▶ [Exercise] Pictures aside, reproduce exactly and only the lines below, starting at the one containing "Oniri - Serviced" and ending at the last line.

Recorded data:

_ _ _ _ _

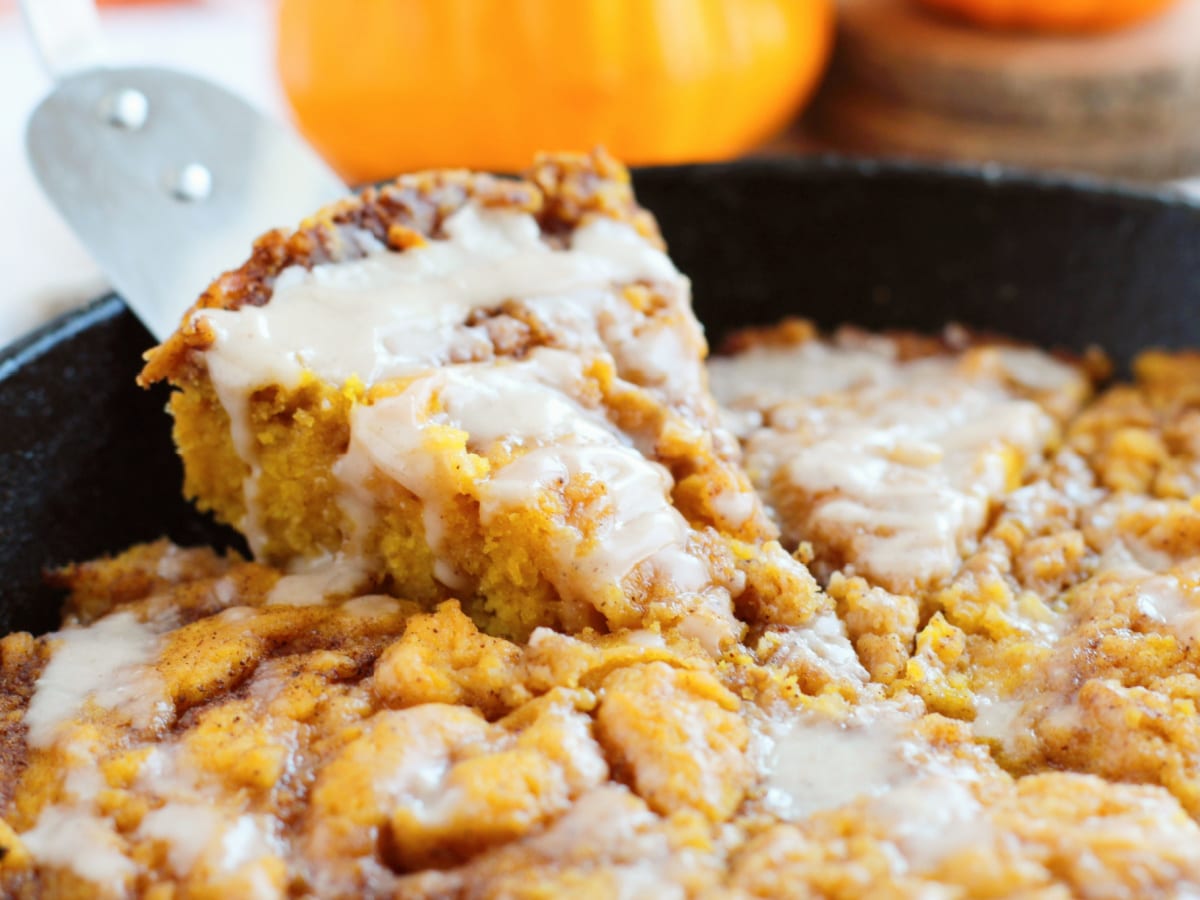 pumpkin skillet cake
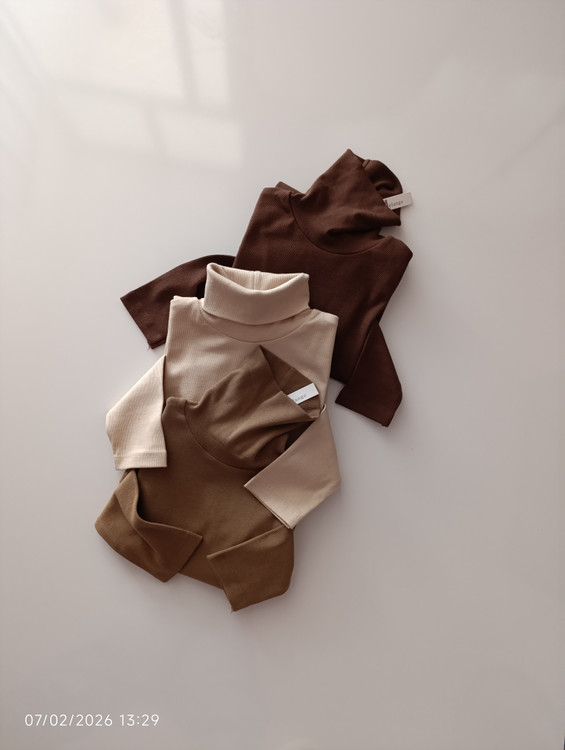 بلوز یقه اسکی زنانه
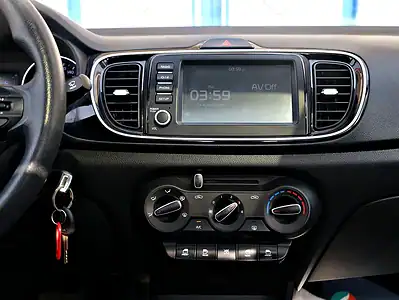 2022 Kia Pegas MPI Top 4 Cylinders Engine Blue Black Sedan GCC Specs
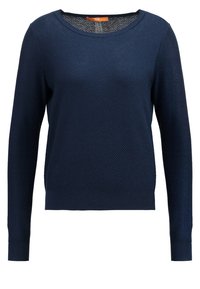 Pull en maille bleu marine à manches longues avec encolure ronde et motif texturé subtil, coupe ajustée.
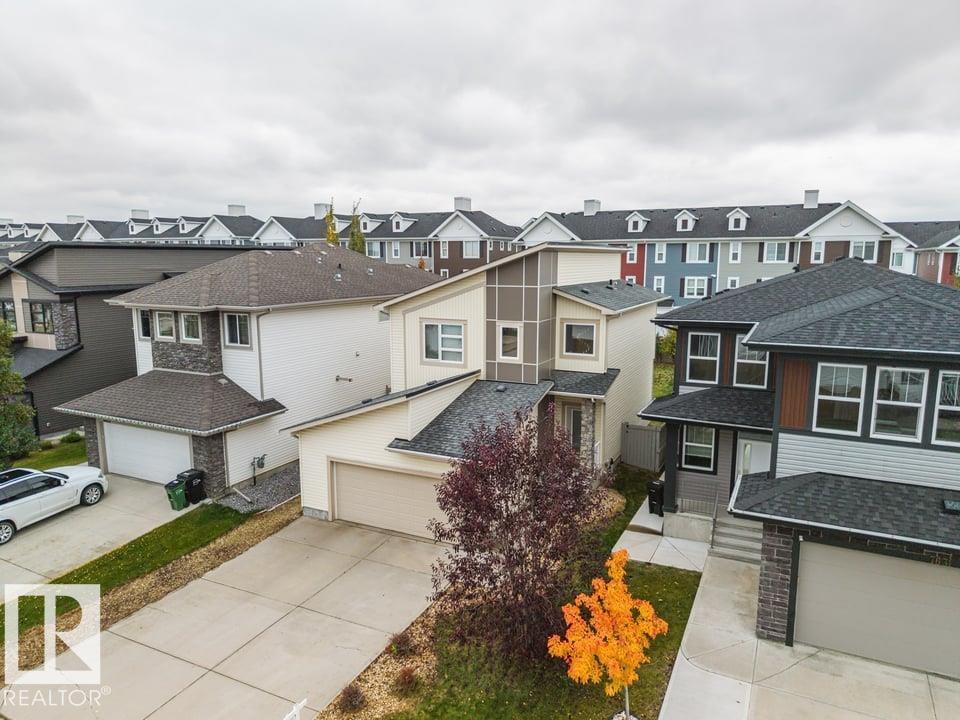 7627 181 Av Nw Property Photo 40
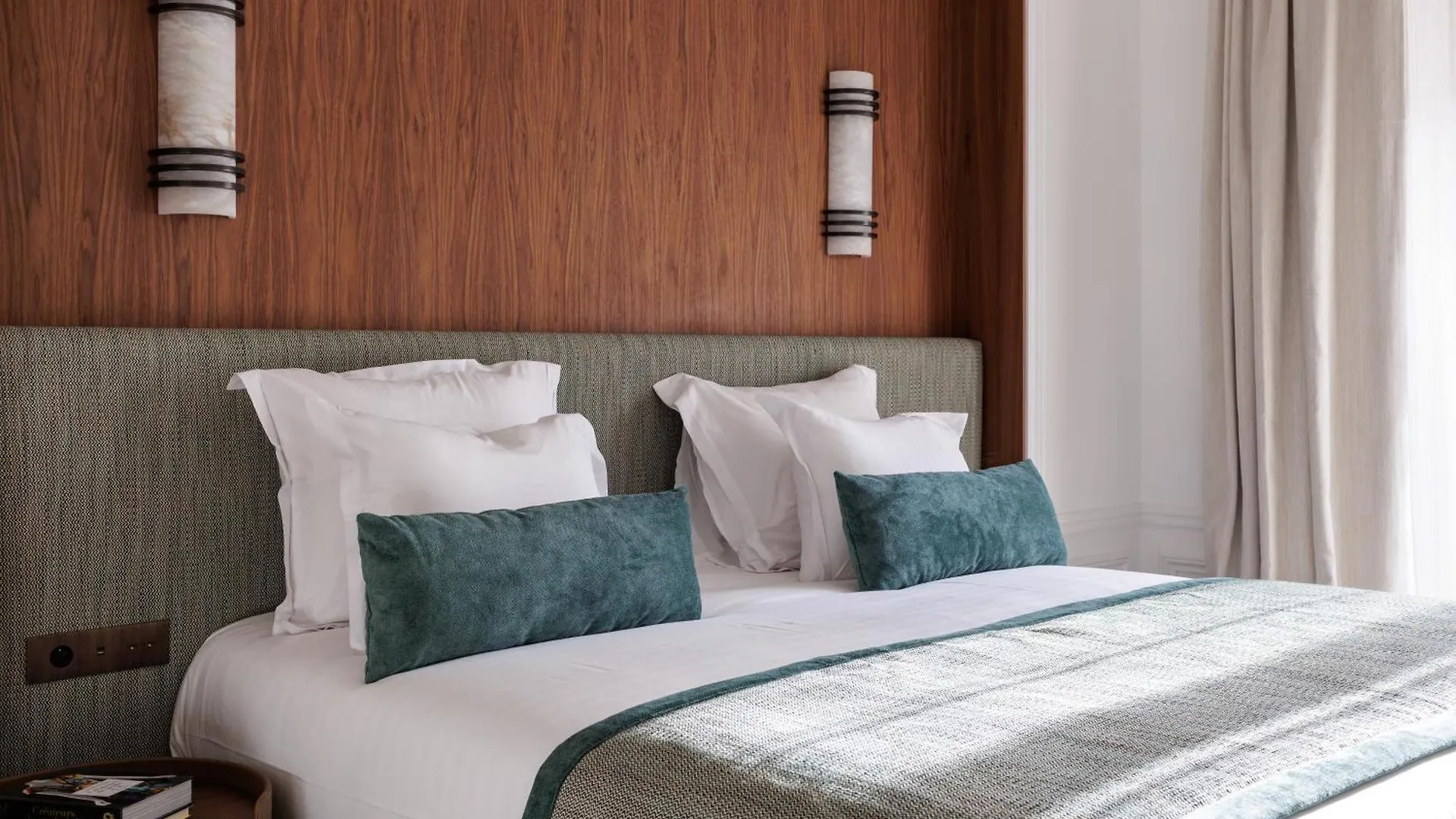 Oniri - Serviced Apartments In Louvre - Rue De Rivoli Paris France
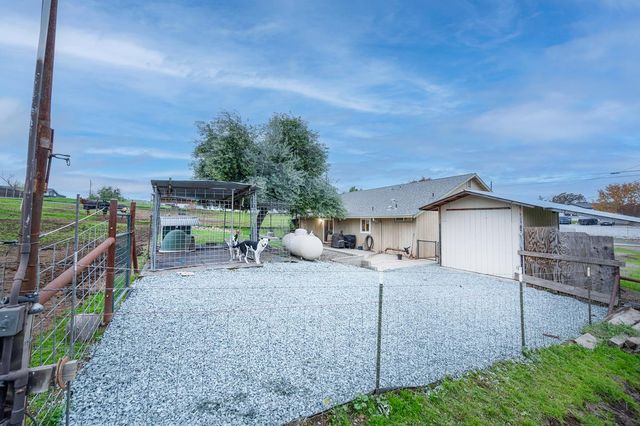 4568 Roadrunner Dr, Ione, CA 95640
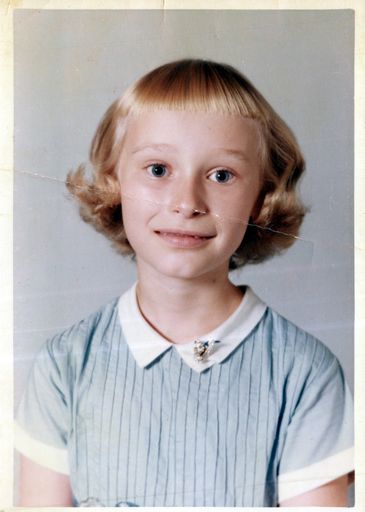 Deanna (Hoskins)  Douglas photo gallery thumbnail 3 of 140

_ _ _ _ _

▶ [Answer below]
 Oniri - Serviced Apartments In Louvre - Rue De Rivoli Paris France
 4568 Roadrunner Dr, Ione, CA 95640
 Deanna (Hoskins)  Douglas photo gallery thumbnail 3 of 140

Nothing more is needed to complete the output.